→ Data shown
----
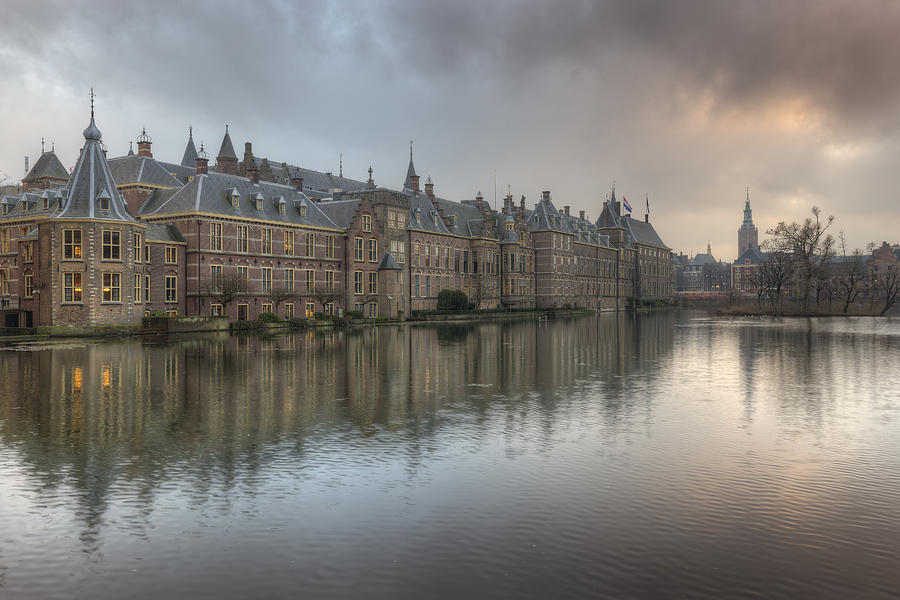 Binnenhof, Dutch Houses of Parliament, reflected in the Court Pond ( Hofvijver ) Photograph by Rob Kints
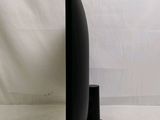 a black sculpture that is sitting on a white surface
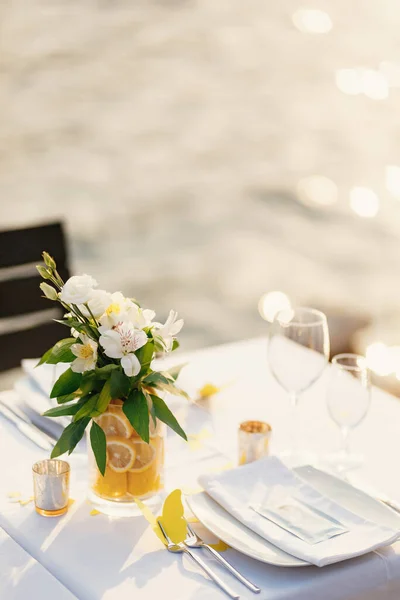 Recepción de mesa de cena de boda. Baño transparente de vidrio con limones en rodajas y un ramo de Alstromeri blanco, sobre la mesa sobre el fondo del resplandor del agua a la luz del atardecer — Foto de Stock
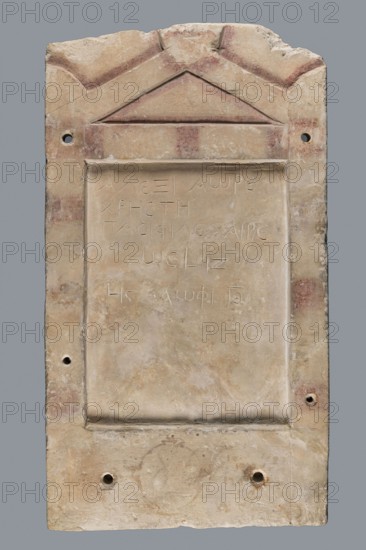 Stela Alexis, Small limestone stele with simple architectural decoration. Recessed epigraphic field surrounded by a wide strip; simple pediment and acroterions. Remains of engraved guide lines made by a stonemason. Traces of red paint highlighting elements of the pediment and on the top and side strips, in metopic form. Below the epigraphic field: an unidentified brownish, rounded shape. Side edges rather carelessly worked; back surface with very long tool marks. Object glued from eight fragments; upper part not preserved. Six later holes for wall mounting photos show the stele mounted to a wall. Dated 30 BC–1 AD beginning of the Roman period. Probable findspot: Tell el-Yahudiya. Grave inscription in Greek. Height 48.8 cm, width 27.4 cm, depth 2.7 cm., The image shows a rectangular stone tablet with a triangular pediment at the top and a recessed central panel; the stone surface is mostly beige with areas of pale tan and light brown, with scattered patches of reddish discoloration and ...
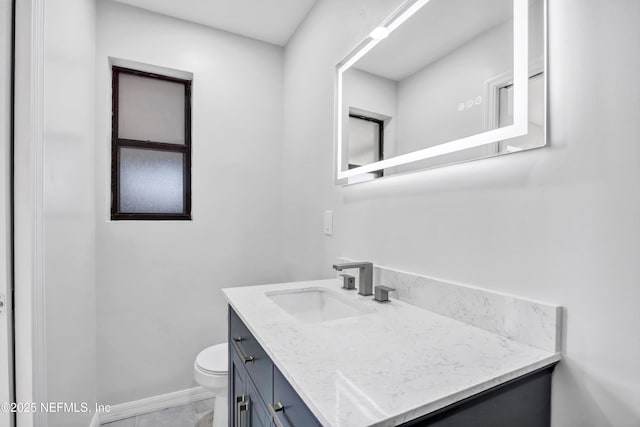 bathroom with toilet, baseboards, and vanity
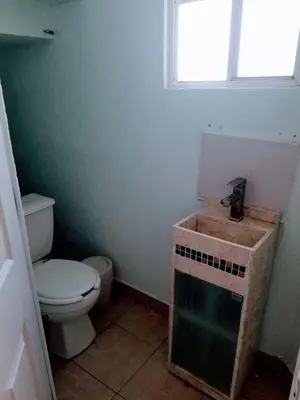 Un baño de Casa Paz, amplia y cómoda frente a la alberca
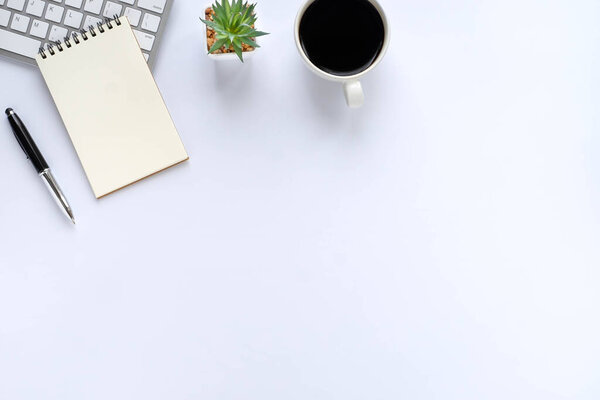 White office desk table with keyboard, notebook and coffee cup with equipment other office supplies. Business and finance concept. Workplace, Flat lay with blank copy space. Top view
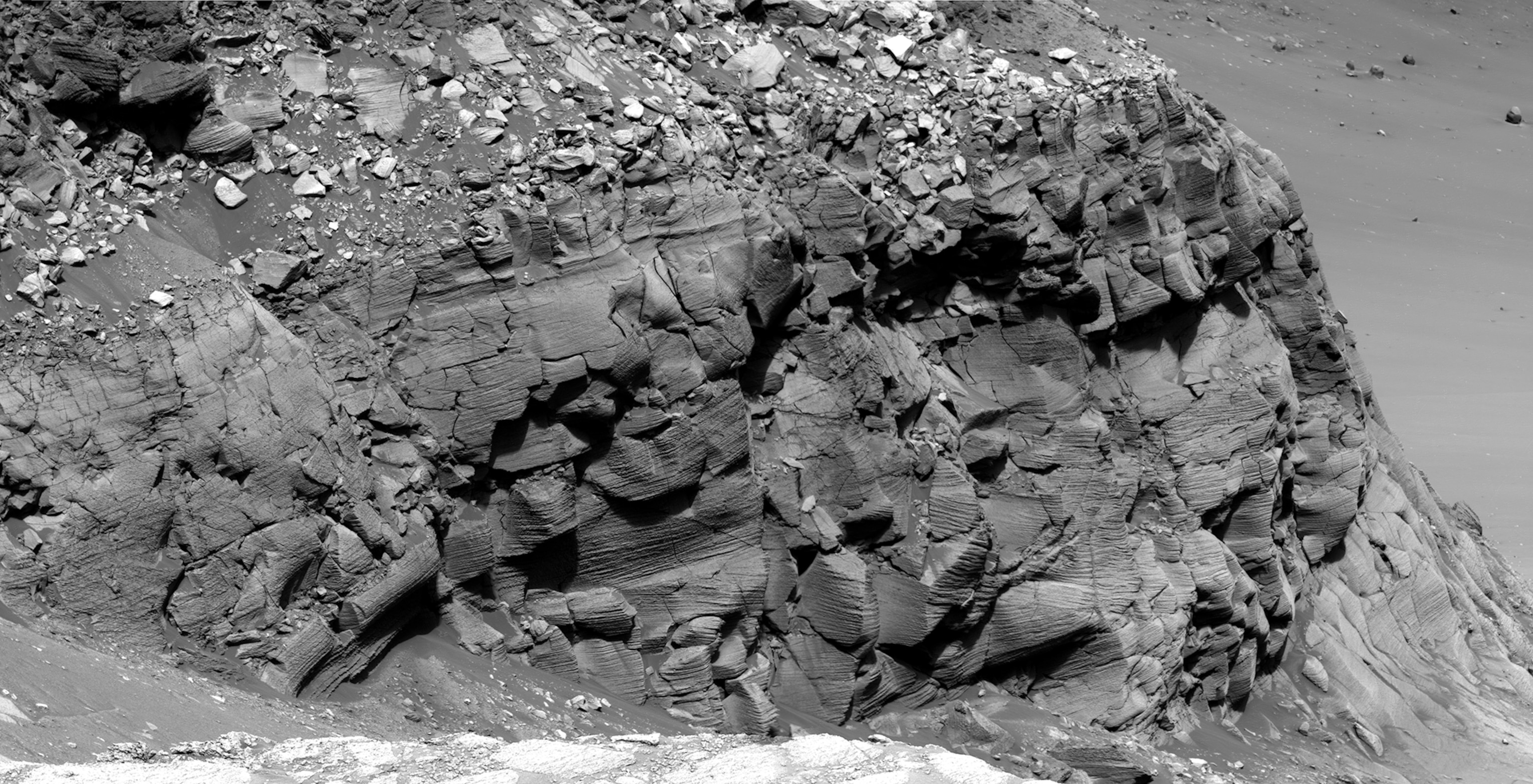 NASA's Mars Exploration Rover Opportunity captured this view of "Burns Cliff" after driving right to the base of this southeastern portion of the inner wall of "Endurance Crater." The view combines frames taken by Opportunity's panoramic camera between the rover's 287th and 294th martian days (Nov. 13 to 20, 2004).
----
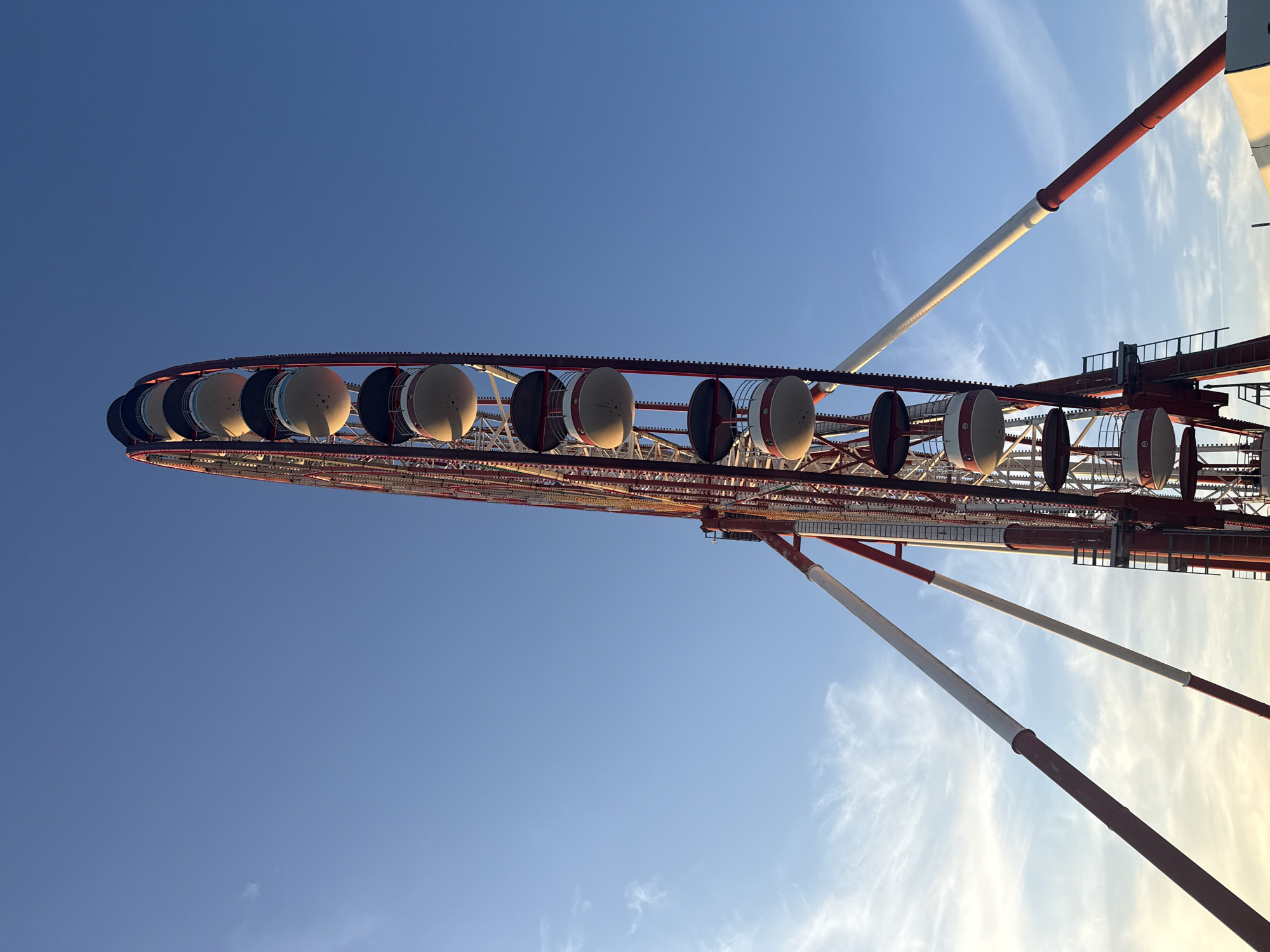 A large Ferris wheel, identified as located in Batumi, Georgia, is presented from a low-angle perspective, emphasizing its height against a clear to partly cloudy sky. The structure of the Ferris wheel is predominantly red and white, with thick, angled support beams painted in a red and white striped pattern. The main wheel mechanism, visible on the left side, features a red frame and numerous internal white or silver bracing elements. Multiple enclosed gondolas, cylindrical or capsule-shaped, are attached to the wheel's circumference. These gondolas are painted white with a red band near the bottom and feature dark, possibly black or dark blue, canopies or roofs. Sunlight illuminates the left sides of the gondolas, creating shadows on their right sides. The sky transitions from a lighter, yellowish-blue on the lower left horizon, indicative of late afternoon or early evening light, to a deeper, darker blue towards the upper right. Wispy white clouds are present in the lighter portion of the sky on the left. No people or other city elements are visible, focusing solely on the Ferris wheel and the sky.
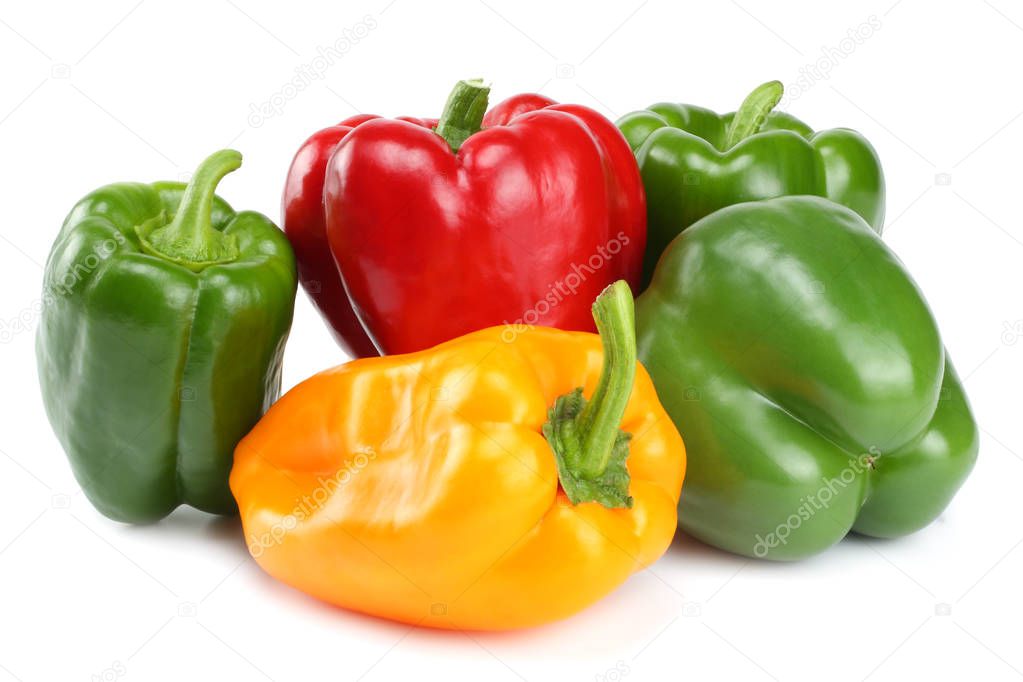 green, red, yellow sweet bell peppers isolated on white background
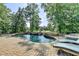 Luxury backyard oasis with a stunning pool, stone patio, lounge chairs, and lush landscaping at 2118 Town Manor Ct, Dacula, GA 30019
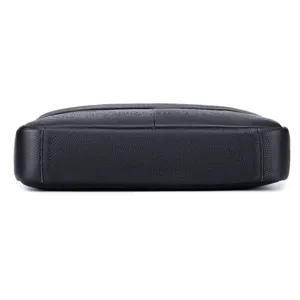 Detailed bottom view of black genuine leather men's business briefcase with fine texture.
----
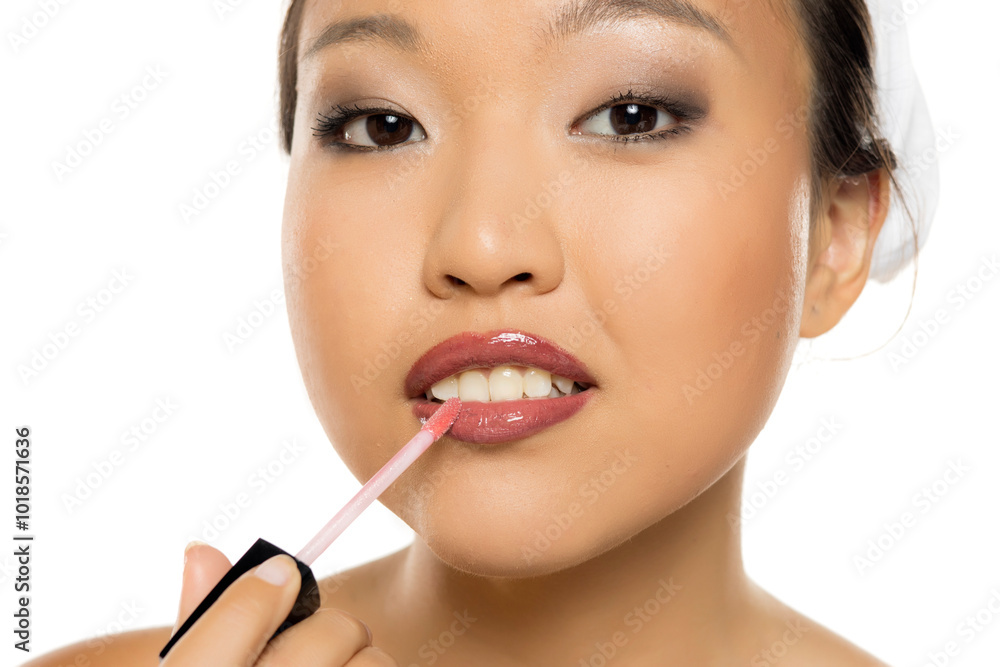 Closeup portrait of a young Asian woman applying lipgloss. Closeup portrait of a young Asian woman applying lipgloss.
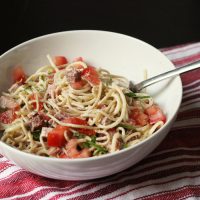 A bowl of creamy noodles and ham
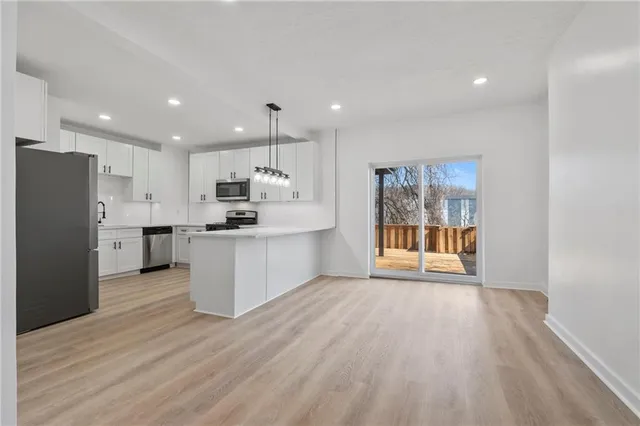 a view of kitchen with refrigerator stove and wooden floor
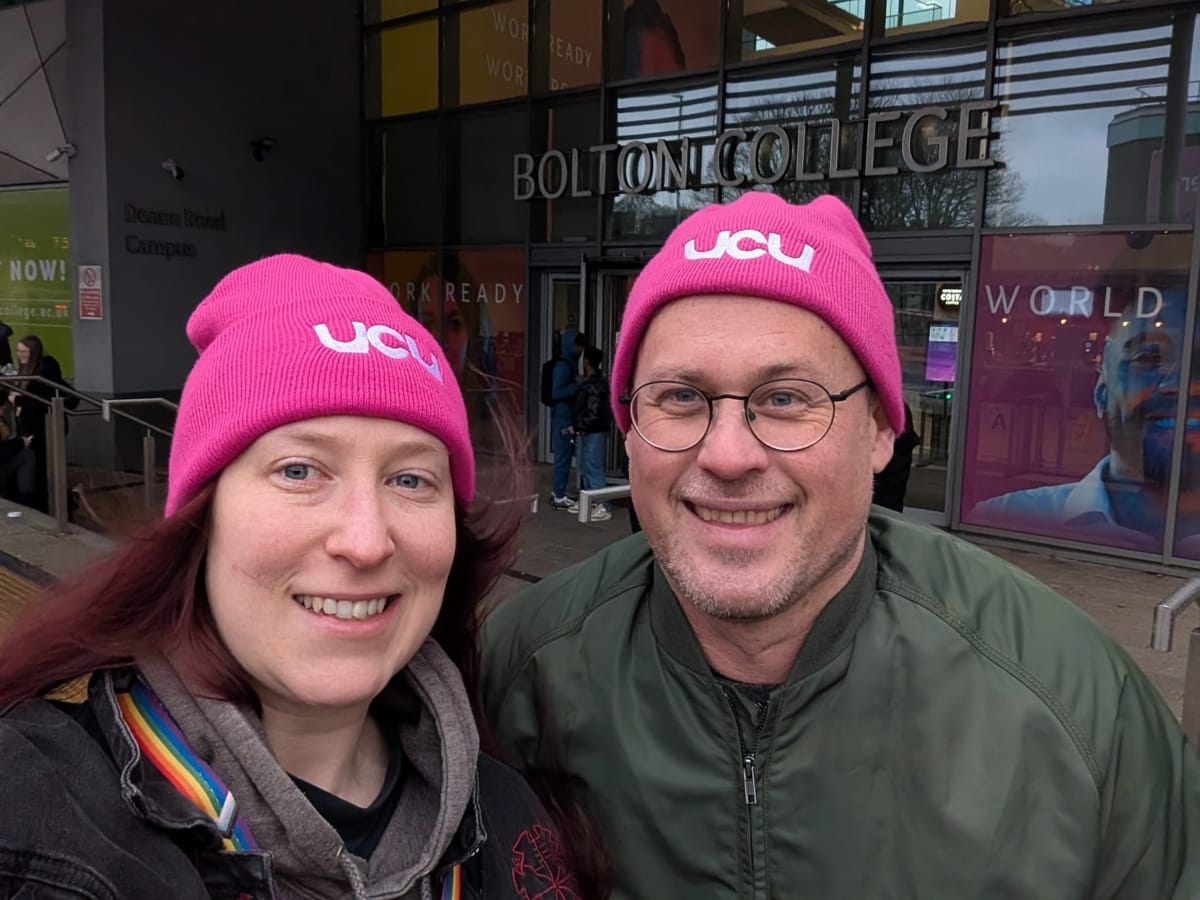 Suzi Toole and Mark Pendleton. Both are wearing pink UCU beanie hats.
----
→ Work item
Copy the lines above between the one holding "Un baño de Casa" and the one holding "White office desk", inclusive. Drop the pictures.

→ Task result
 Un baño de Casa Paz, amplia y cómoda frente a la alberca
 White office desk table with keyboard, notebook and coffee cup with equipment other office supplies. Business and finance concept. Workplace, Flat lay with blank copy space. Top view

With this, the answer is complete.